Pruitt told Rep. Raul Ruiz (D-Calif.) in a brief exchange, during a hearing before the House Energy and Commerce Committee Subcommittee on Environment held on Thursday to examine the EPA’s mission, that the EPA will replace the rule to balance the agency’s position on other criteria pollutants.
POWER on December 8 asked the EPA about a timeline for the possible Clean Power Plan replacement rule; where the replacement rule was in the rulemaking process; and if the replacement rule would propose mandated carbon emission cuts from power plants. An EPA spokesperson responded by e-mail: “We have no further details at this time.”
However, Pruitt’s declaration is significant because until the hearing on Thursday, Pruitt had only indicated that the EPA would consider whether or not further regulatory action on the Clean Power Plan was warranted. The EPA on October 10 proposed a repeal of the Clean Power Plan, claiming that it exceeded the agency’s statutory authority.
Pruitt’s statement (video) on Thursday about a Clean Power Plan replacement came after Ruiz asked the administrator for his thoughts on EPA rules governing fine particulate matter. Pruitt said fine particles are a “very important criteria pollutant that we need to regulate under NAAQS [National Ambient Air Quality Standards] in a very important way.”
Video. Pruitt said the EPA will introduce a rule to replace the Clean Power Plan at 62:30. The exchange with Rep. Ruiz begins at 57:33.

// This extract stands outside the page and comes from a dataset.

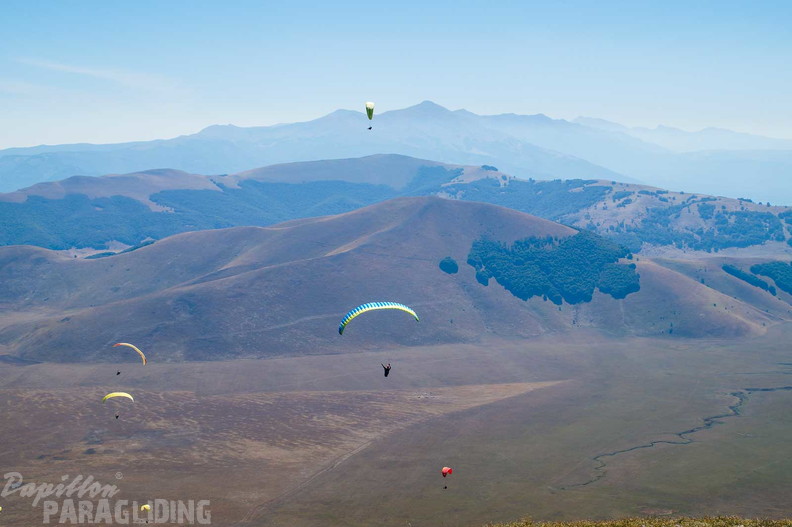fcf37.23-castelluccio-italien-paragliding-01336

Ruiz then asked Pruitt why the EPA, which recognizes the dangers of fine particulate pollution and whose mission is to protect the environment for health reasons, withdrew the Clean Power Plan, effectively reversing the EPA’s position on the “deadliness of fine particulate pollution.”
Pruitt responded: “We did not reverse it, Congressman, and moreover, we are going to be introducing a replacement rule, too, in place of the Clean Power Plan.”
Pruitt also confirmed that the agency had not used “new peer-reviewed scientific studies” to support reversing the Clean Power Plan. He said that withdrawing the Clean Power Plan is “largely based upon the jurisdictional issues of the Clean Air Act.”
At the hearing, Pruitt told lawmakers that the agency was pursuing a “back to basics” agenda that has three goals: to refocus the agency back to its core mission; to restore power to the states through cooperative federalism; and to lead the agency through improved processes and adhere to the rule of law.
In response to a question from Rep. Joe Barton (R-Texas) about whether the EPA should have consulted with the Department of Energy and the Federal Energy Regulatory Commission to get a “balanced analysis” on the plan, Pruitt said the Obama administration’s promulgation of the Clean Power Plan was rooted in a “reimagining of the authority that took place under the Clean Air Act, which caused a lot of confusion on what was authorized and what wasn’t.”
The EPA is addressing that to adhere to the “rule of law and these processes to make sure that there’s confidence in the rules,” he added.